>>

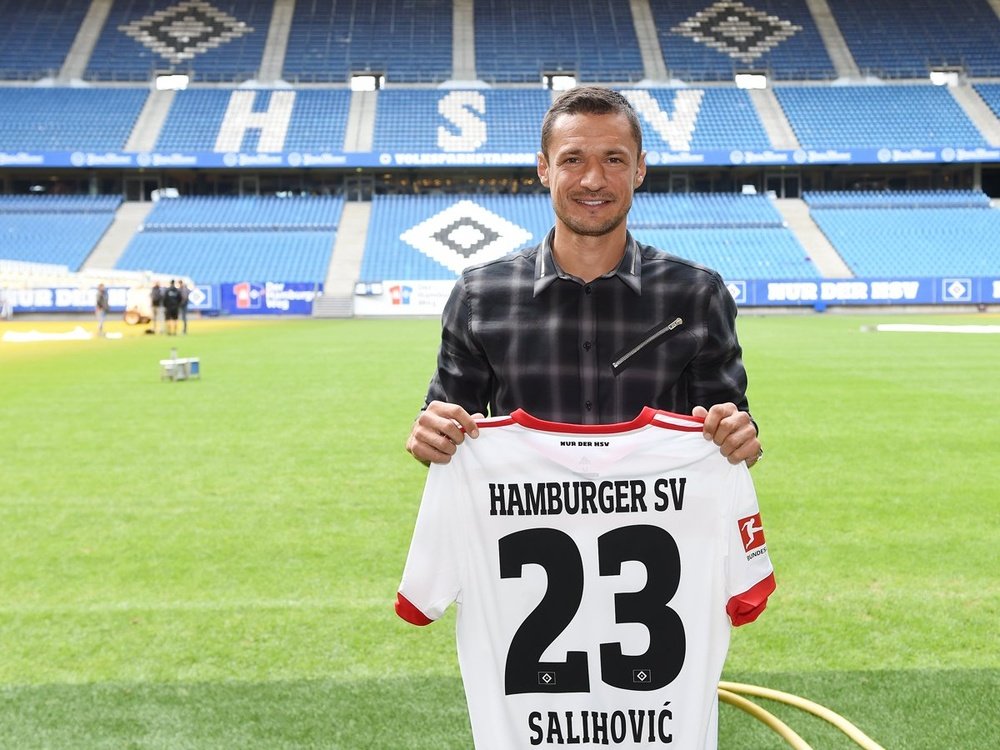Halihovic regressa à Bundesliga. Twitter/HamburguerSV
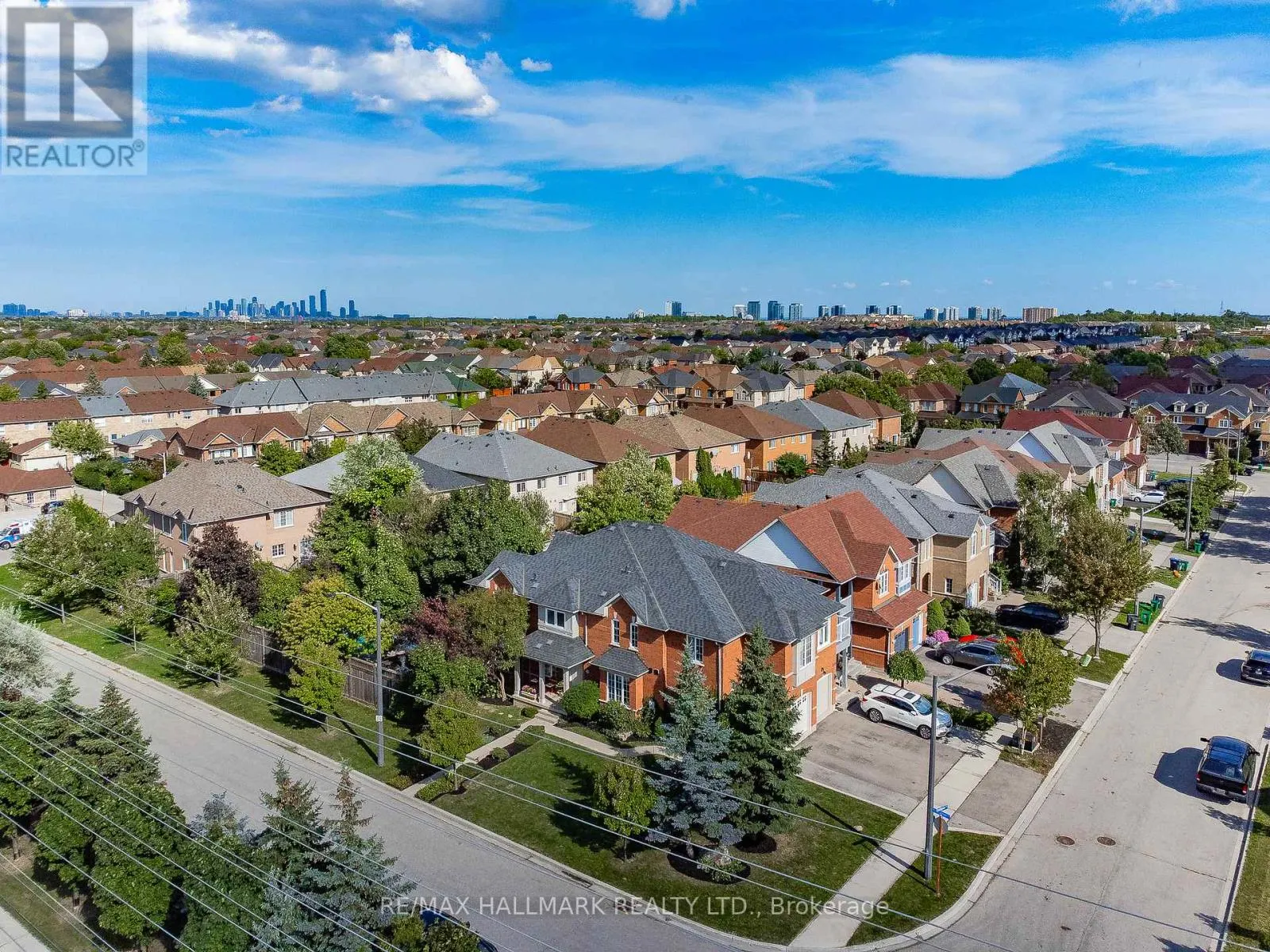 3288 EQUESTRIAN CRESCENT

<<
>>

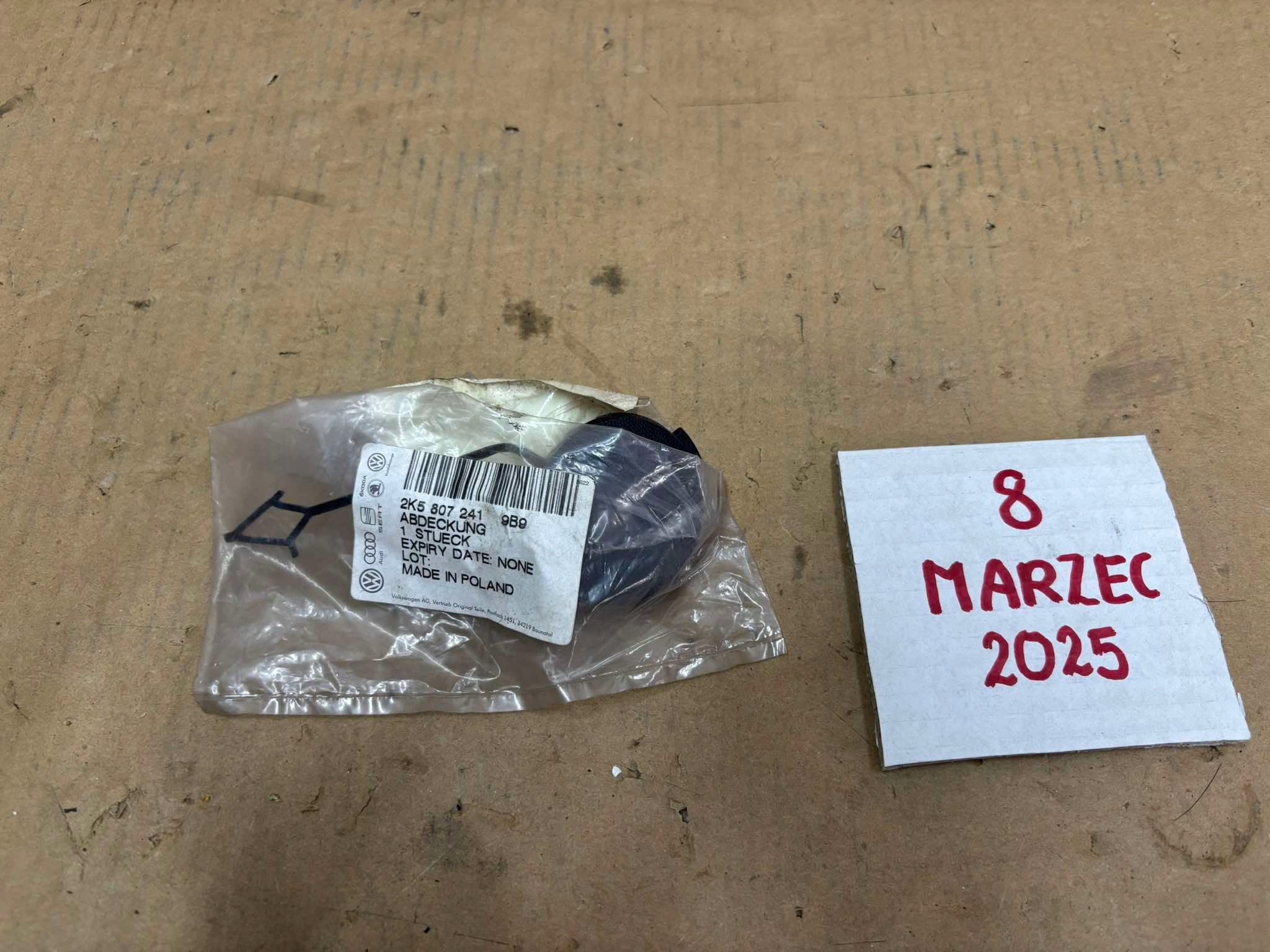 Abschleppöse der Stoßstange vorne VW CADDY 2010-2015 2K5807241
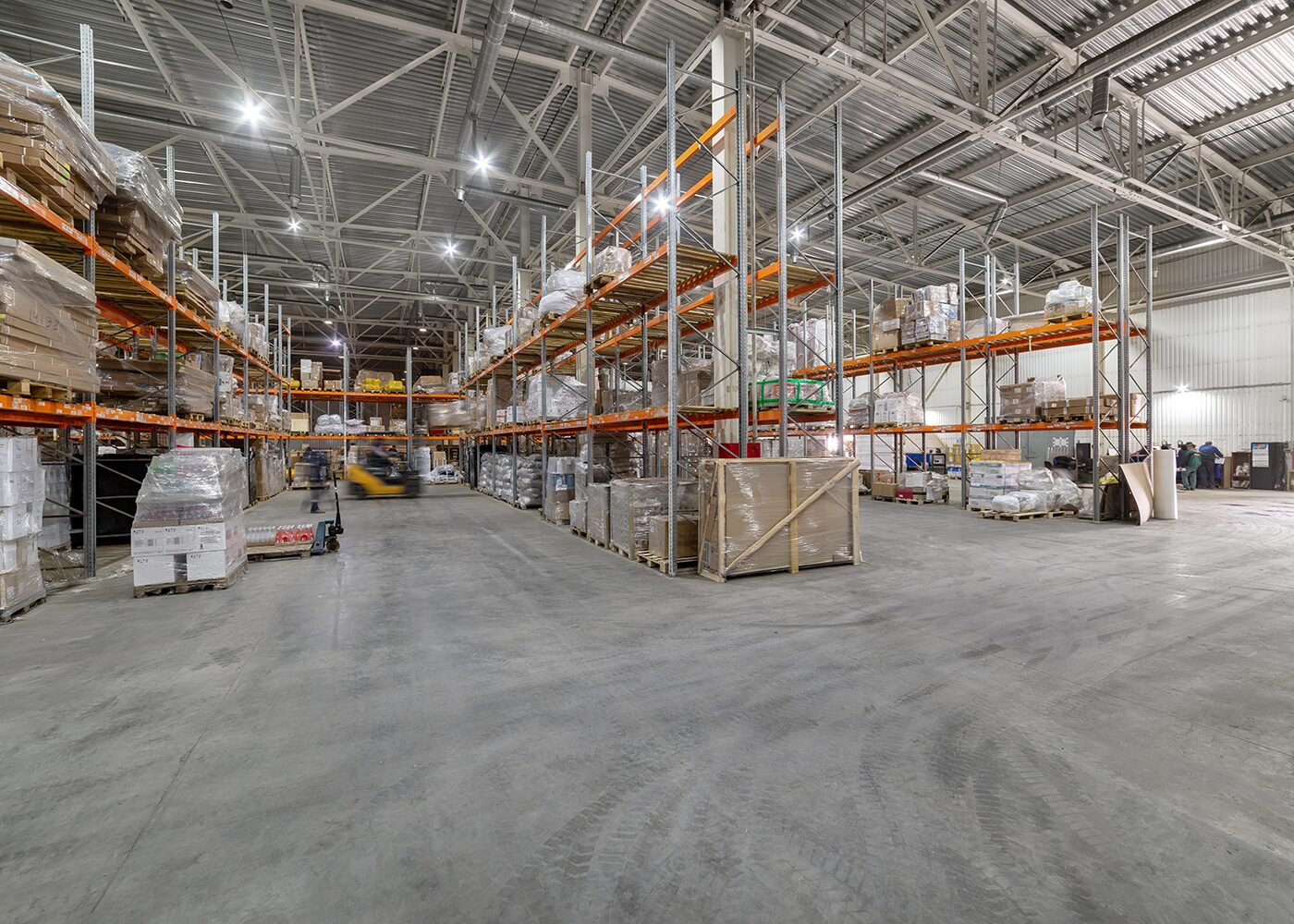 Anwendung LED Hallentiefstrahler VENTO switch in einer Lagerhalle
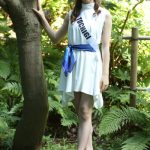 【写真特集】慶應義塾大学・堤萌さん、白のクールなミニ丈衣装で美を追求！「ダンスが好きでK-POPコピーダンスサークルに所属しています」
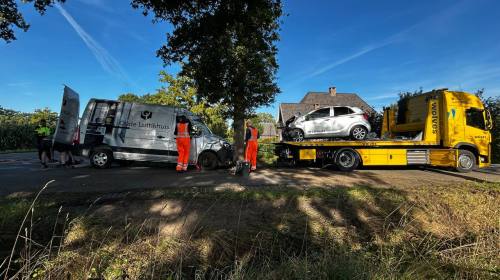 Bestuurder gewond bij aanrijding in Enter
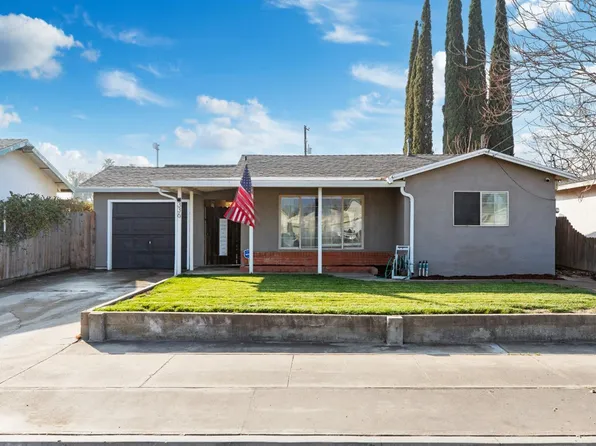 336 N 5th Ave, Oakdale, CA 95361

<<

* [Try it]:
The data above holds the lines to copy: start at the one with "Anwendung LED Hallentiefstrahler", stop at the one with "336 N 5th Ave, Oakdale, CA 95361", include both, copy them exactly without pictures, and copy nothing else.

* [Worked solution]:
 Anwendung LED Hallentiefstrahler VENTO switch in einer Lagerhalle
 【写真特集】慶應義塾大学・堤萌さん、白のクールなミニ丈衣装で美を追求！「ダンスが好きでK-POPコピーダンスサークルに所属しています」
 Bestuurder gewond bij aanrijding in Enter
 336 N 5th Ave, Oakdale, CA 95361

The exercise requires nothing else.